- _What the task asks_
Using the listing below, print exactly everything from the line with "Nike Sportswear Women's" down to the line with "System Information Viewer", both included, and nothing more.

- _Available data_
+===+

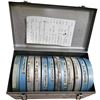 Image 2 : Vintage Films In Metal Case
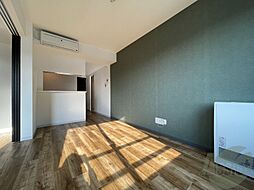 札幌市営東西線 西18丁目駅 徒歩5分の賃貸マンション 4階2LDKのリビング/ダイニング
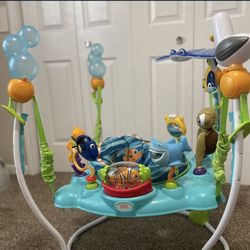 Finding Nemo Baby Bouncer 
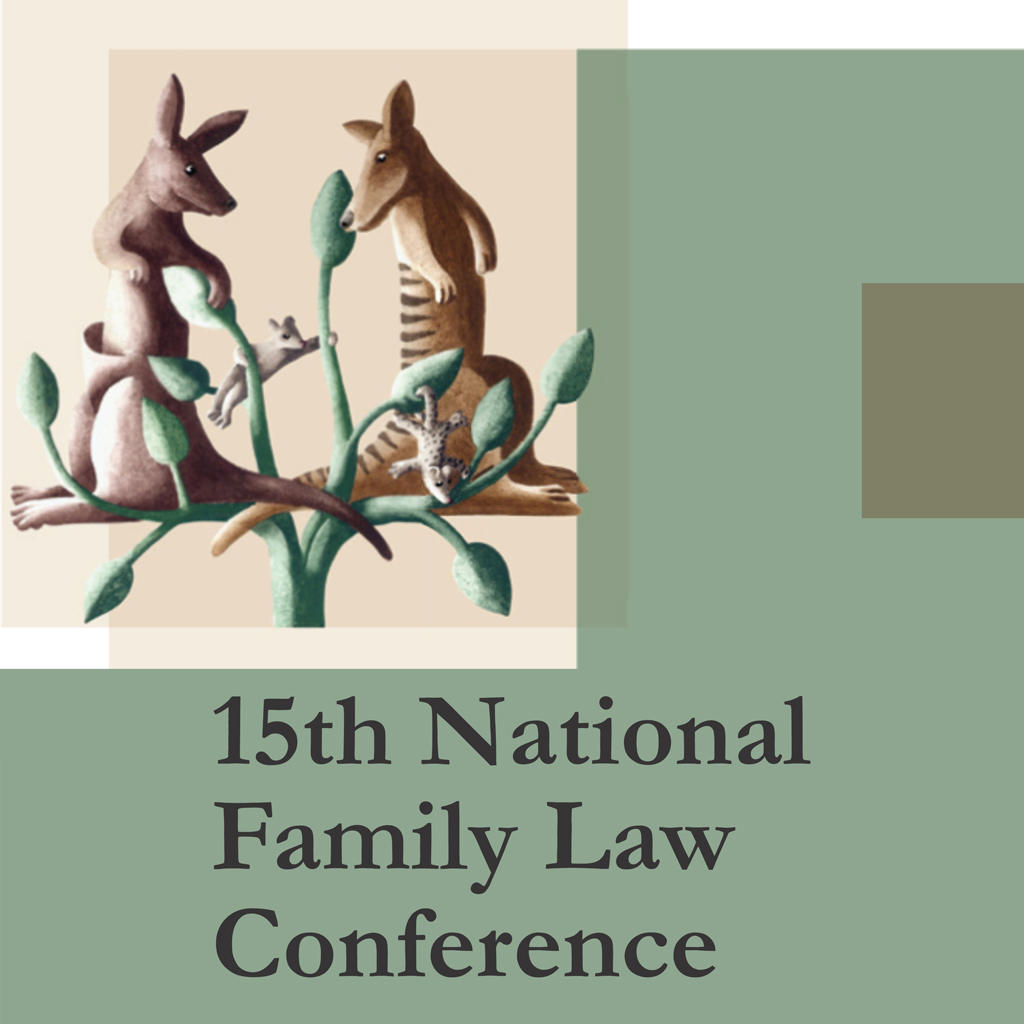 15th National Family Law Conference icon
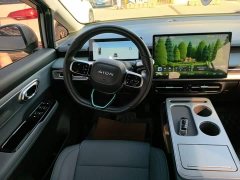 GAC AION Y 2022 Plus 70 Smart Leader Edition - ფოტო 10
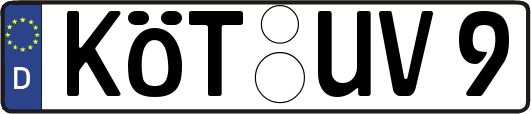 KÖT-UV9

+===+

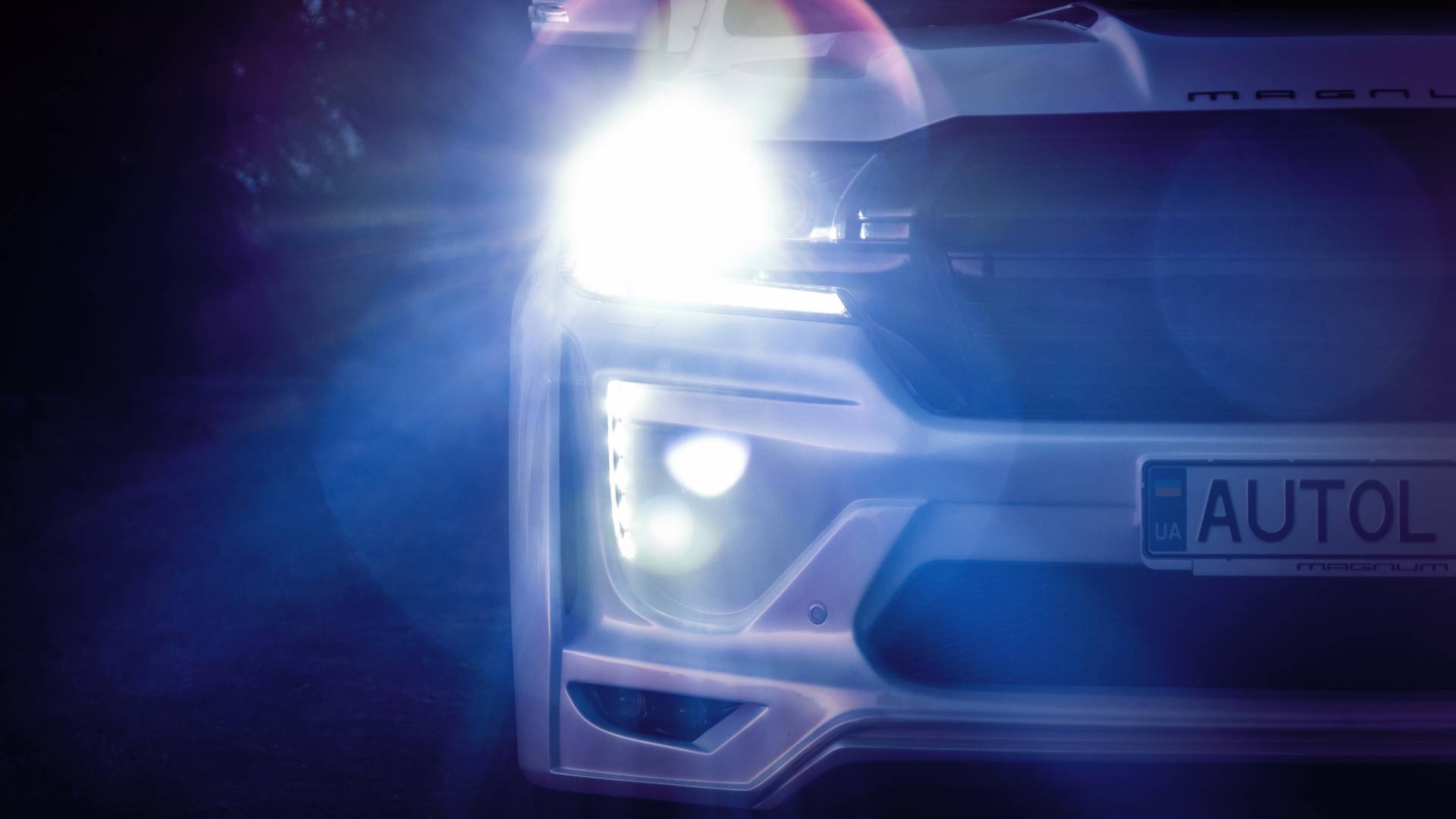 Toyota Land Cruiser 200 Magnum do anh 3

+===+

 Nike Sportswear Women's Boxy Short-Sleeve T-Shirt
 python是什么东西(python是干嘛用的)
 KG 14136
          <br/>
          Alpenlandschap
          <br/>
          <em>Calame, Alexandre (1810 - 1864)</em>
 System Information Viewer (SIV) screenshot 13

+===+

- _Final answer_
 Nike Sportswear Women's Boxy Short-Sleeve T-Shirt
 python是什么东西(python是干嘛用的)
 KG 14136
          <br/>
          Alpenlandschap
          <br/>
          <em>Calame, Alexandre (1810 - 1864)</em>
 System Information Viewer (SIV) screenshot 13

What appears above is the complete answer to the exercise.